Fully implement the Australian Curriculum, which includes the cross-curriculum priority of ‘Asia and Australia’s engagement in Asia’. Develop measures to track how Australian students are increasing their knowledge of Asia, in consultation with States and Territories and non-government education authorities. (p15)
This is already in the pipeline. The Australia Curriculum includes goals at many levels of primary and secondary education that stress Asia-literacy – understanding cultural differences, history, literature, religion and, importantly for me, language. Implementing this requires assuring that there are sufficient teaching resources, including Asia-literate teachers, to pass this knowledge on to students.

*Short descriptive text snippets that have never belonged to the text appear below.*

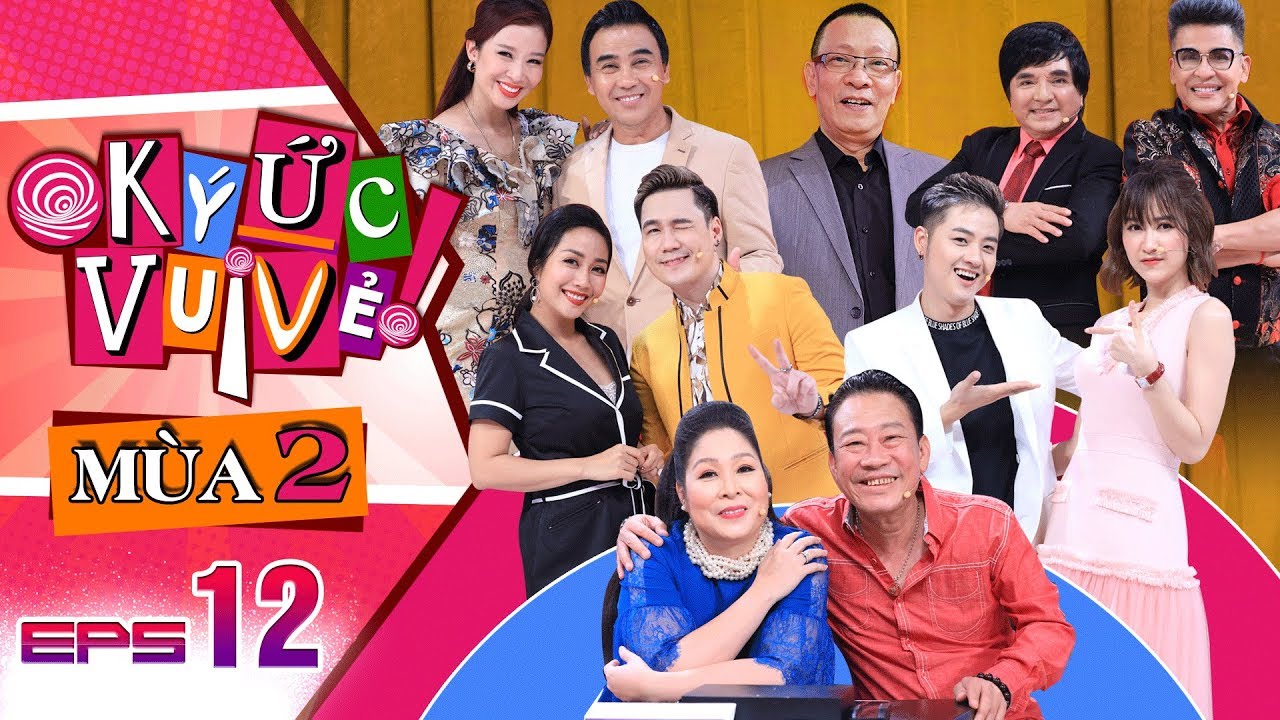 Ký Ức Vui Vẻ | Mùa 2-Tập 12: Lại Văn Sâm rùng mình với những hồi ức khốc liệt gắn liền chiếc mũ rơm
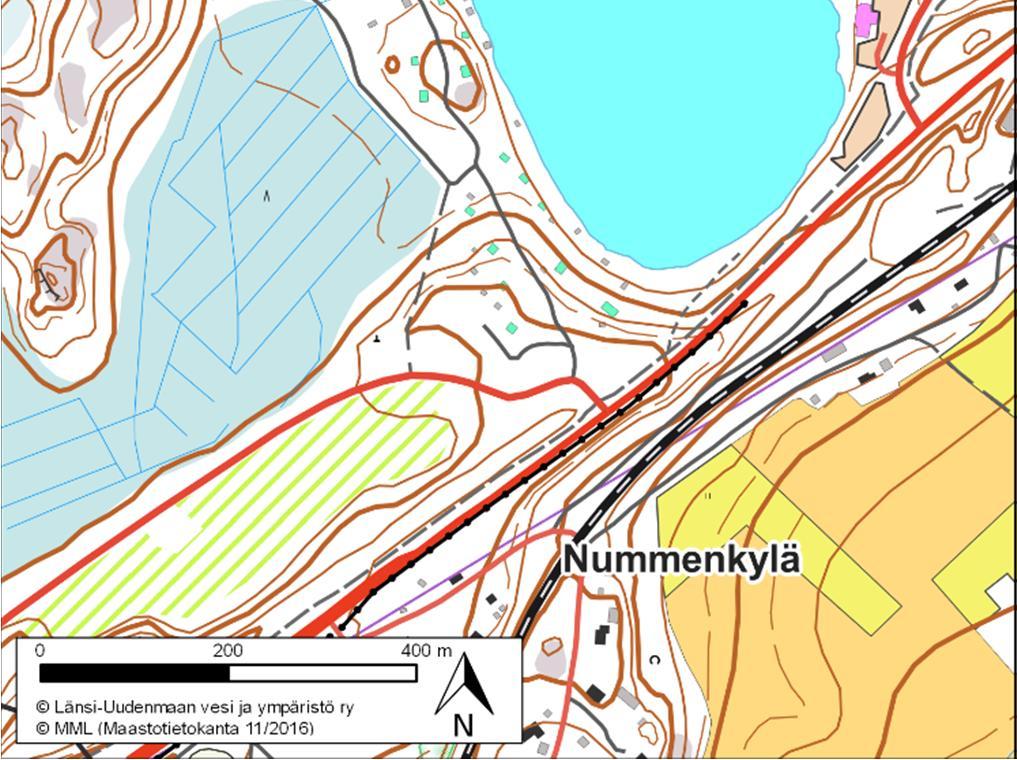 FINAS-akkreditointipalvelun akkreditoima testauslaboratorio T147, akkreditointivaatimus SFS-EN ISO/IEC 17025: 2005.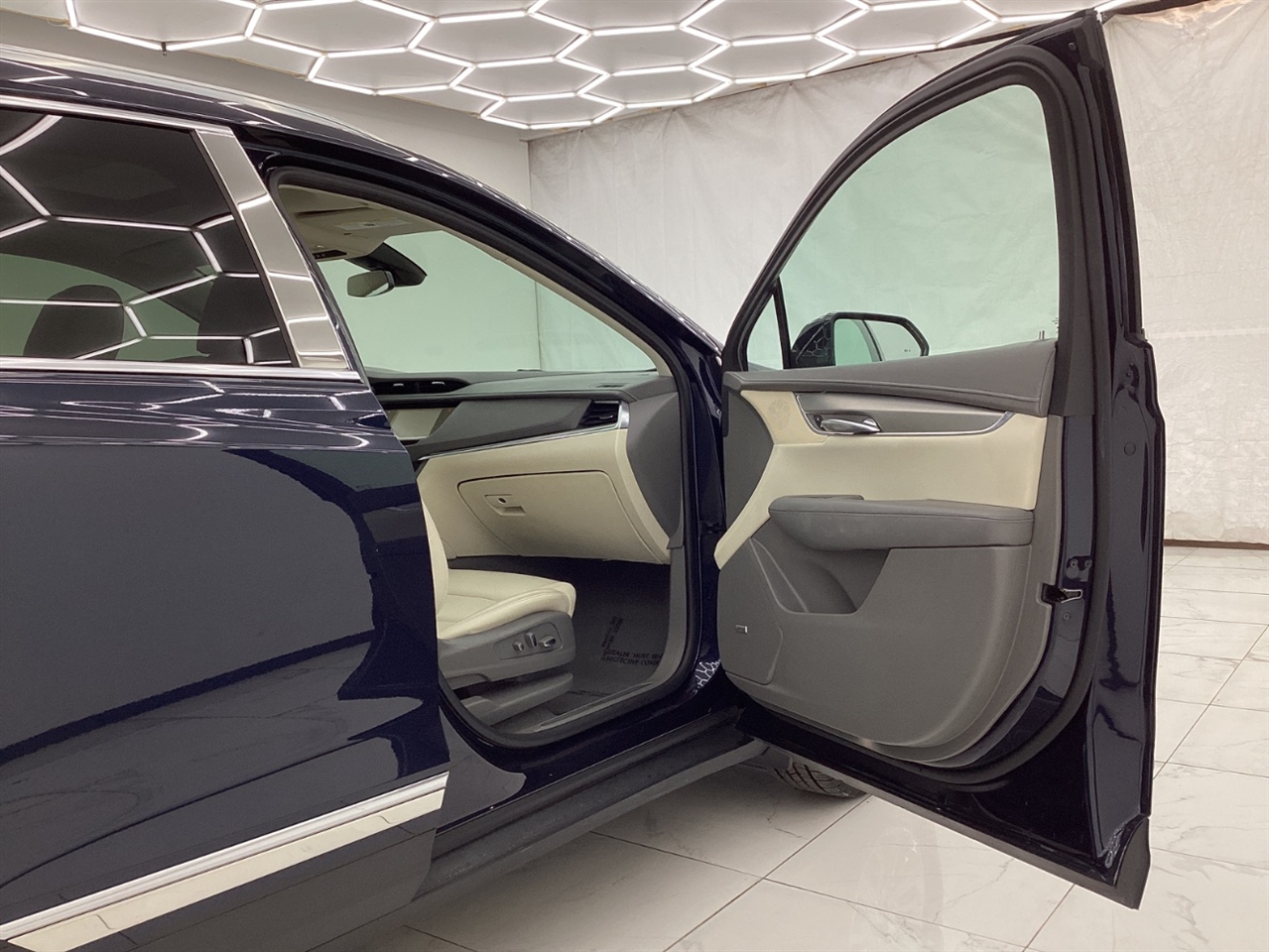 Cadillac XT5 FWD 4dr Luxury 2017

Work collaboratively with States, Territories, non-government education authorities and higher education institutions to develop detailed strategies for studies of Asia to become a core part of school education. (p15)
This will, one hopes, assist in the implementation of the Australian Curriculum above. Coordinating between so many bodies to put the goal into practice will be difficult, but is certainly a goal worth aiming for. It has the sound of a goal with difficult-to-measure outcomes. It’s easy to demonstrate collaboration to develop strategies, but developing appropriate and implementable strategies is more difficult. I would certainly like to see some strategies, but am skeptical about them appearing.

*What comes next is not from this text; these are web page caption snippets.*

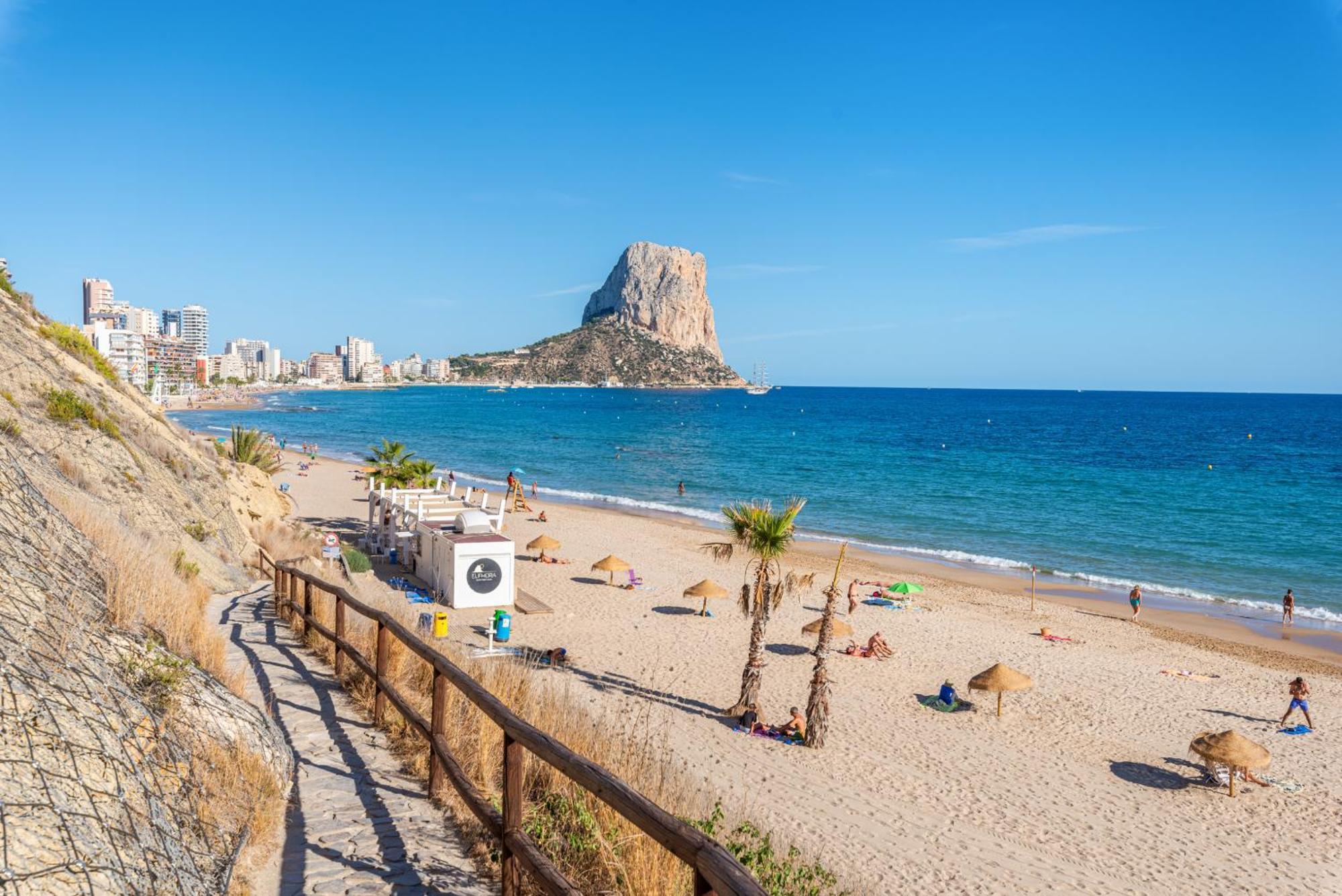 Apartamento Melior 2C - Plusholidays Calpe Eksteriør billede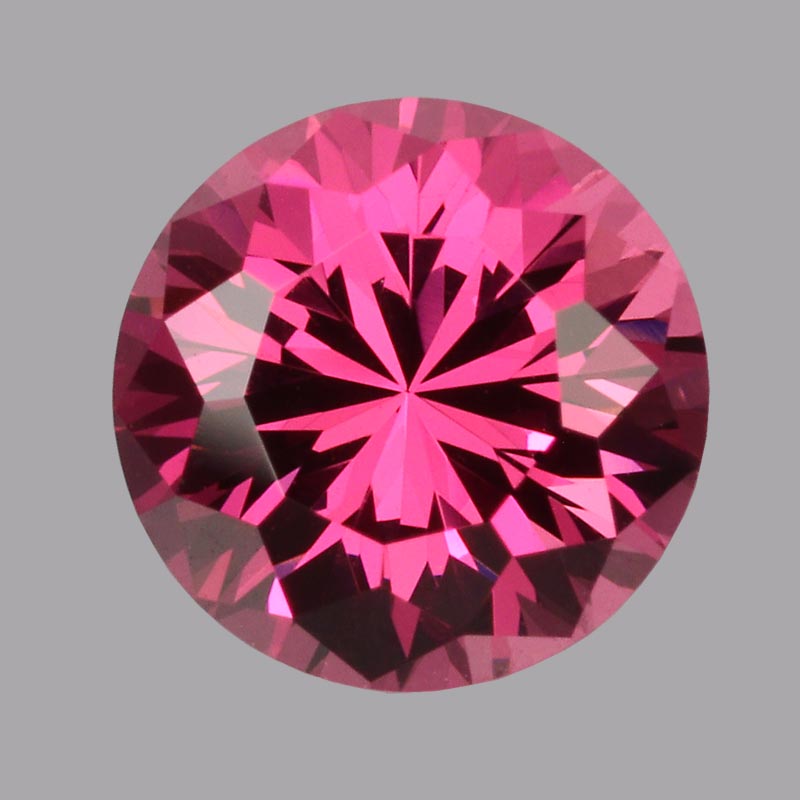 Umbalite Garnet gemstone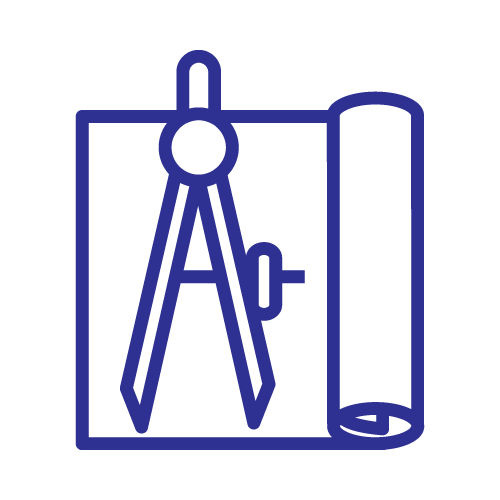 Architecture 17 — Architecture shape SVG cut file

Ensure that every Australian student has continuous access to high-quality Asian language curriculums, assessment and reporting in priority Asian languages as a core requirement in the new school funding arrangements to be negotiated between the Commonwealth, the States and Territories, and non-government education authorities. (p16)
Once again, this is a highly appropriate and valuable goal. However, the barriers to achieving it are great. The AFMLTA’s (Australian Federation of Modern Language Teaching Associations) submission to the report says “Current national targets for proficiency in Asian languages and cultures are admirable but unachievable in the current educational context, significantly in relation to years of compulsory languages education, overall time allocations and frequency of lessons.” The way language classes are currently situated in our education system, it is difficult to achieve any useful competency during secondary education. It recommends more incorporation of bilingual schooling and full-immersion education (already occurring to some extent in many schools around Australia).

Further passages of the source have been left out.